Il ne faut plus nier leur importance, les détruire, les criminaliser. Ensemble, elles pourront créer une Afrique capable de réduire les conflits et se concentrer sur le progrès. L’Afrique n’a pas le luxe de prendre aussi longtemps que l’Europe ou la Chine avant de s’unir, car elle fait partie du monde où le temps et l’espace se contractent, et, il lui faut avancer plus vite qu’aucun autre. Sans une union semblable à celle des blocs Europe, Amérique et Asie, l’Afrique restera vulnérable et affaiblie. Elle ne pourra pas participer ni à la gouvernance mondiale ni à la distribution des ressources. Alors elle ne pourra pas continuer à assurer une bonne qualité de vie pour son peuple.
Quelle est votre vision future de l’Afrique ?

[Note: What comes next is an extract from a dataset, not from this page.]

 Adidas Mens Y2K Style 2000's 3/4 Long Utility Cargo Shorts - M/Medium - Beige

J’ai évidemment deux visions pour l’Afrique. D’un côté, mon espoir et de l’autre ma peur/ ce que j’espère, c’est une Afrique unie, mieux éduquée et sur le devant de la scène mondiale, une Afrique où les élites se soucient de leur peuples et le protège de l’exploitation. J’ai beaucoup d’espoir pour l’Union africaine et je pense que c’est une bonne nouvelle laquelle nous devrions faire bon accueil. Il faut avant tout accélérer l’unification, car sans cela je ne nous vois pas réussir au 21ème siècle ni aux siècles suivants.
Ce dont j’ai peur, c’est d’une Afrique incapable de se rassembler et de s’unir assez vite, incapable de se mettre d’accord et de cesser des conflits à temps. Une Afrique qui n’aura pas la capacité de résister aux pressions qui vont venir de l’extérieur, particulièrement à cause de ses ressources.

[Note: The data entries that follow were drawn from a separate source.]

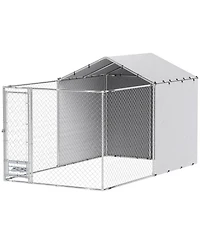 Ruie Galvanized Chain Link Outdoor Dog Kennel with Waterproof Cover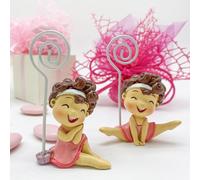 Doni Bomboniere 12 pz. Bomboniere Menoclip ginnasta Femminuccia Regalo esibizione Battesimo Bimba Nascita segnaposto confettata Comunione cresima Ragazza Originali economiche Resina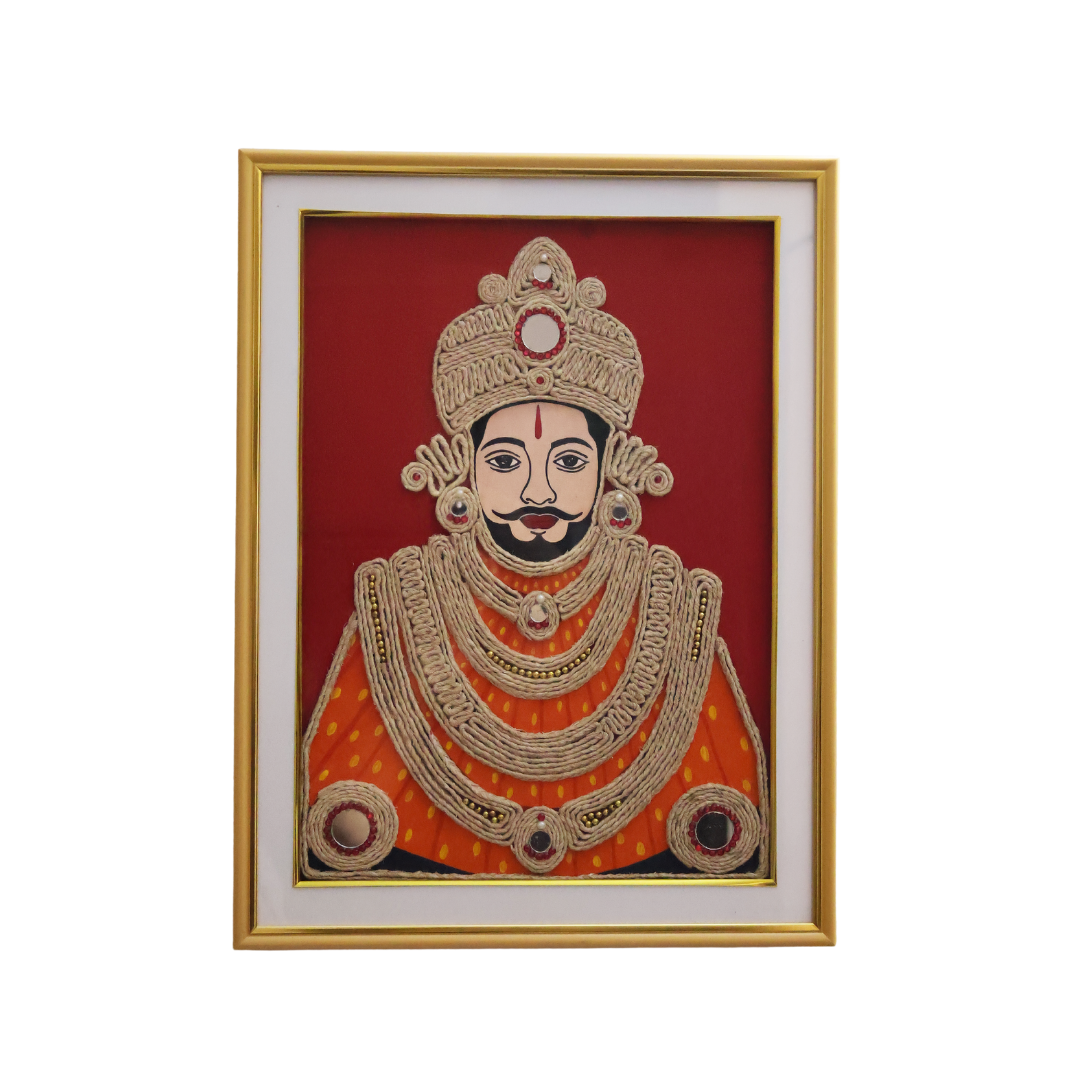 Lord Khatu Shyam Baba Wall Frame – Handmade Banana Fiber Artwork | Eco-Friendly Décor - Ecoban Handicarft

L’Afrique n’est pas encore développée, mais cela lui donne une opportunité. Elle a tellement de ressources. Tant que l’Afrique n’est pas unie, ces ressources ne peuvent être protégées de façon à ce que le peuple de la région en bénéficie. Si vous avez une Afrique faible et fragmentée, vous aurez l’Afrique dont j’ai peur, et c’est une Afrique qui va se faire piller, où des pouvoirs viendront drainer autant de ressources que possibles tout en laissant la majorité du peuple africain pauvre et misérable. Ces pouvoirs continueront à prétendre qu’ils sont là pour aider et soutenir le peuple alors qu’en réalité, ils ne feront qu’exploiter ses ressources. J’ai deux images dans ma tête, et l’une des raisons qui m’ont poussée à écrire ce livre. Ce que je veux éviter c’est la seconde image.